__PROBLEM STATEMENT__: Beginning with the line that holds "150 Schweizer Lane Bardonia NY 10954" and ending with the last line below, repeat each line exactly, leaving any pictures out.

───── DATA FOR THIS EXERCISE

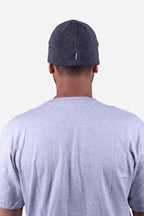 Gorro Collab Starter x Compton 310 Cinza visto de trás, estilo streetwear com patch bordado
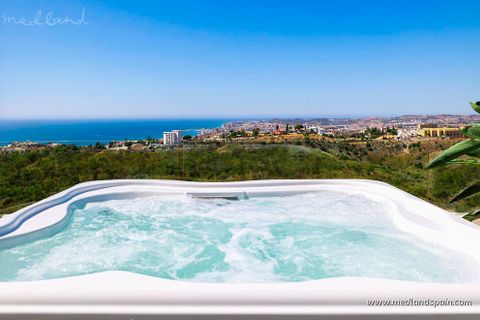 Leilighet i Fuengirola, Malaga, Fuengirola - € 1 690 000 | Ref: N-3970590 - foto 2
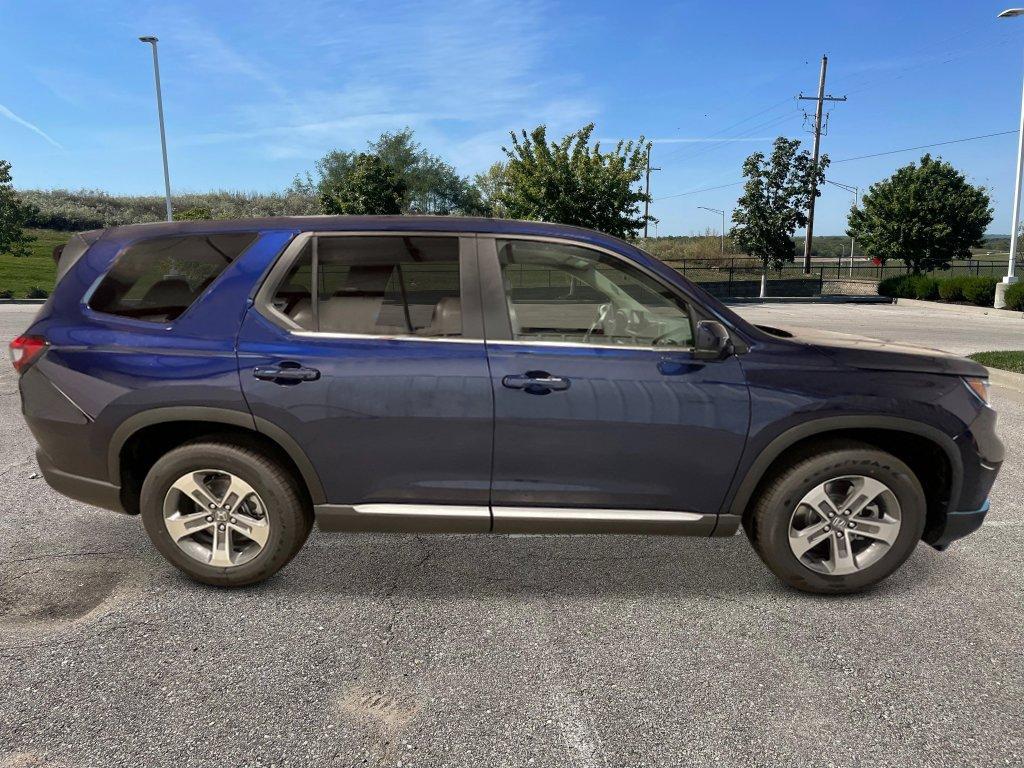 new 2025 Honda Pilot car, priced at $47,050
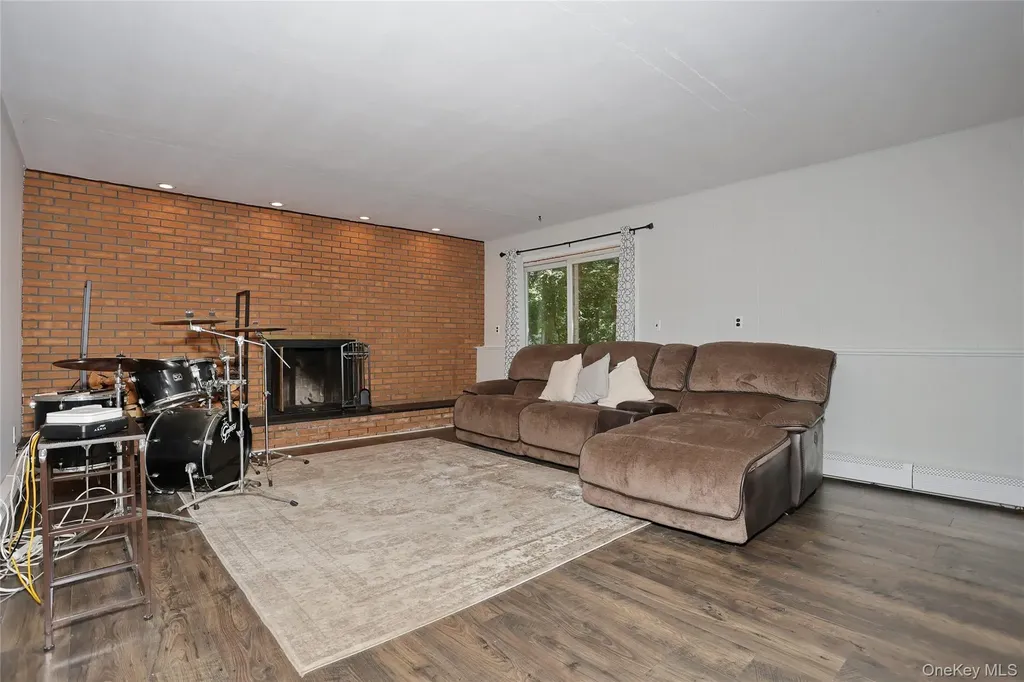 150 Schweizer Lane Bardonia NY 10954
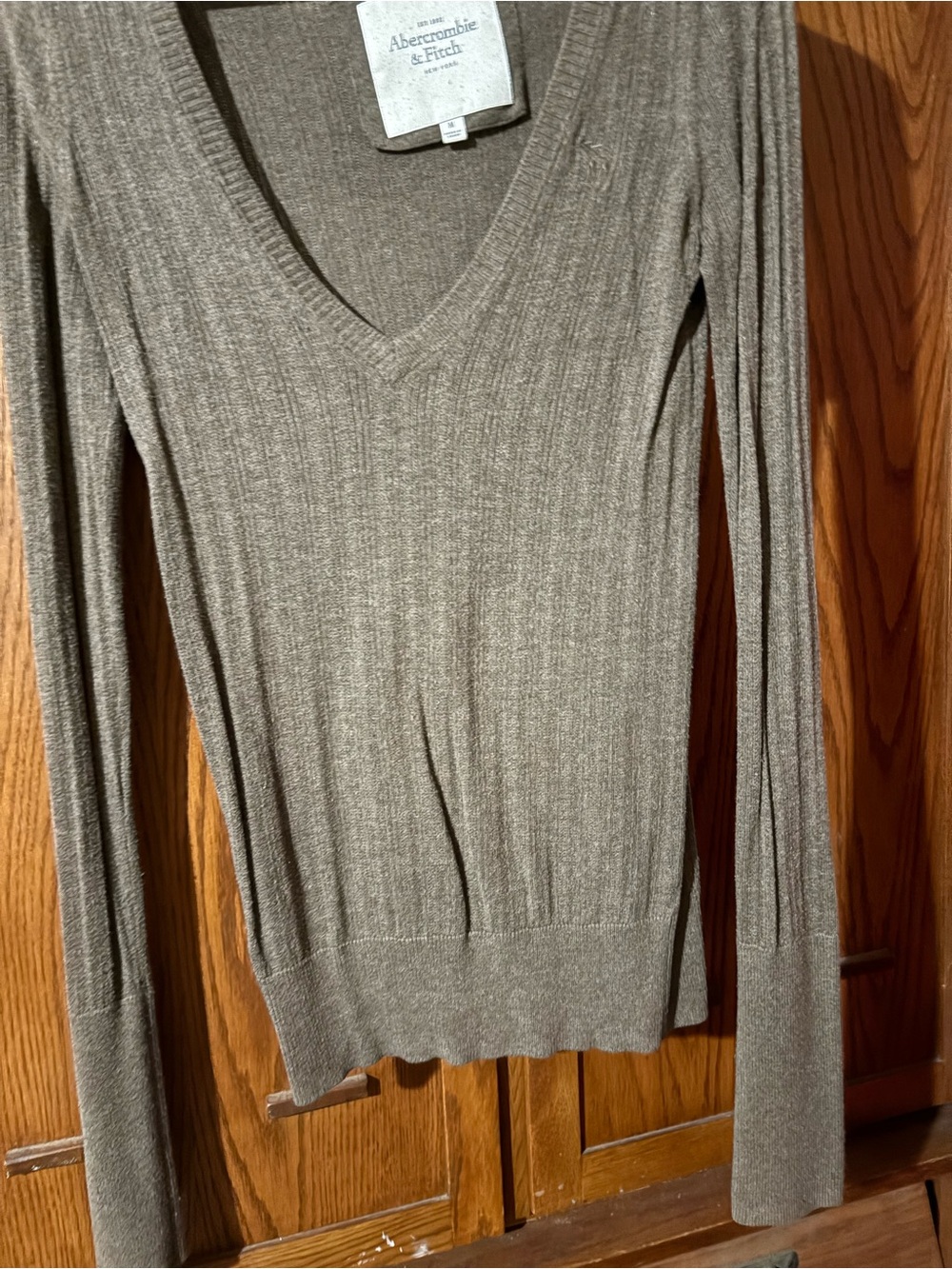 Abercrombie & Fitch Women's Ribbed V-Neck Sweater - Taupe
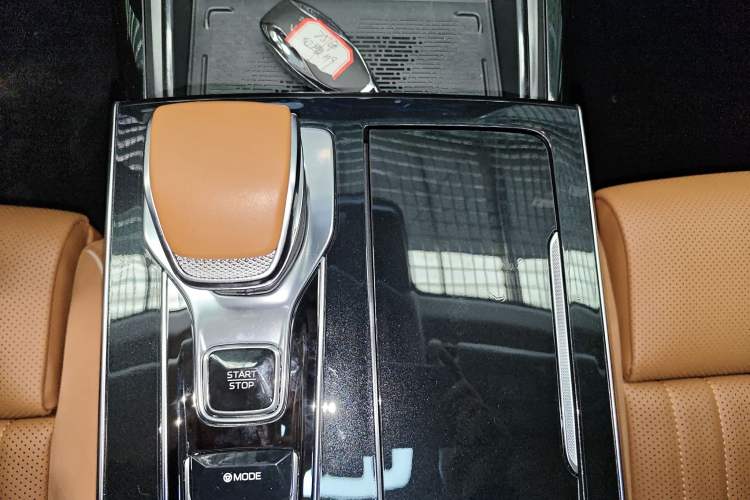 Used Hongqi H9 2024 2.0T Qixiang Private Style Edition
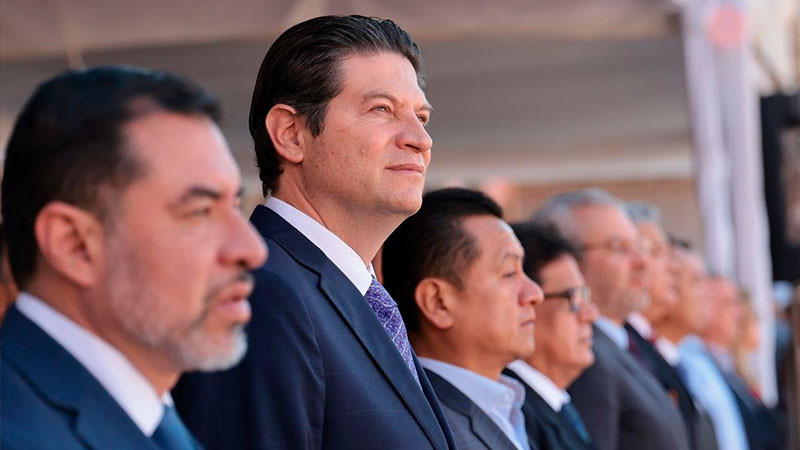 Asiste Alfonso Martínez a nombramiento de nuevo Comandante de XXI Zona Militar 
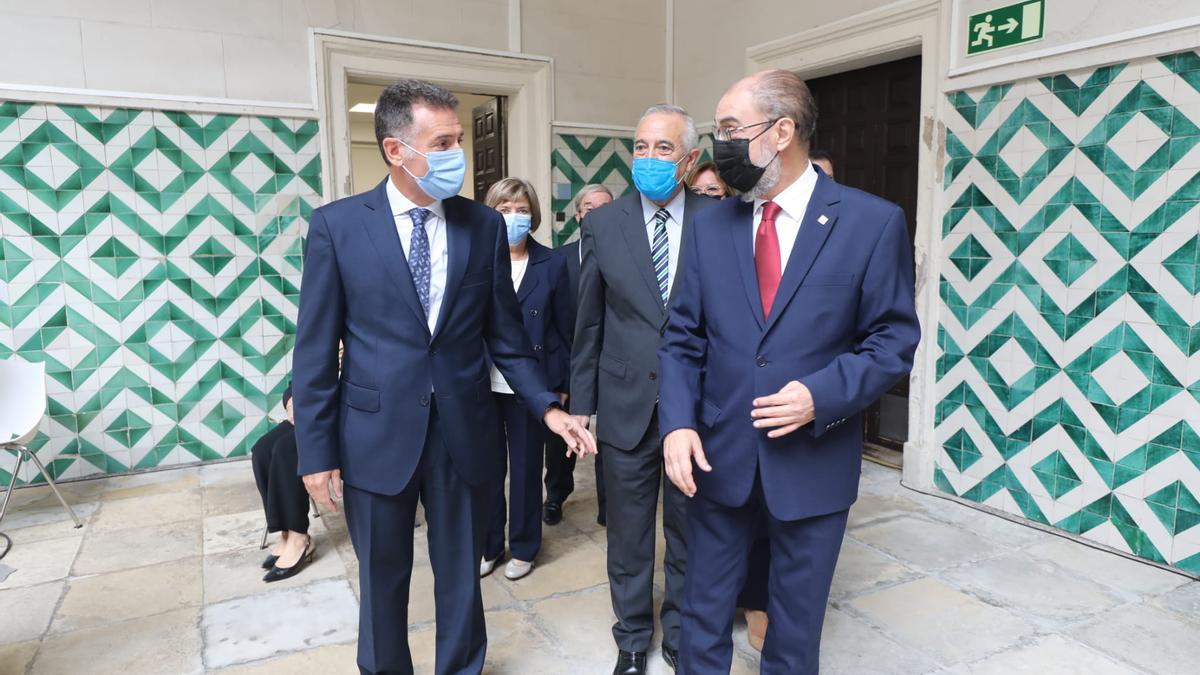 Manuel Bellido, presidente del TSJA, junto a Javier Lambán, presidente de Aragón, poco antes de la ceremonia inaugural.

──────────

__SOLVED EXERCISE__:
 150 Schweizer Lane Bardonia NY 10954
 Abercrombie & Fitch Women's Ribbed V-Neck Sweater - Taupe
 Used Hongqi H9 2024 2.0T Qixiang Private Style Edition
 Asiste Alfonso Martínez a nombramiento de nuevo Comandante de XXI Zona Militar 
 Manuel Bellido, presidente del TSJA, junto a Javier Lambán, presidente de Aragón, poco antes de la ceremonia inaugural.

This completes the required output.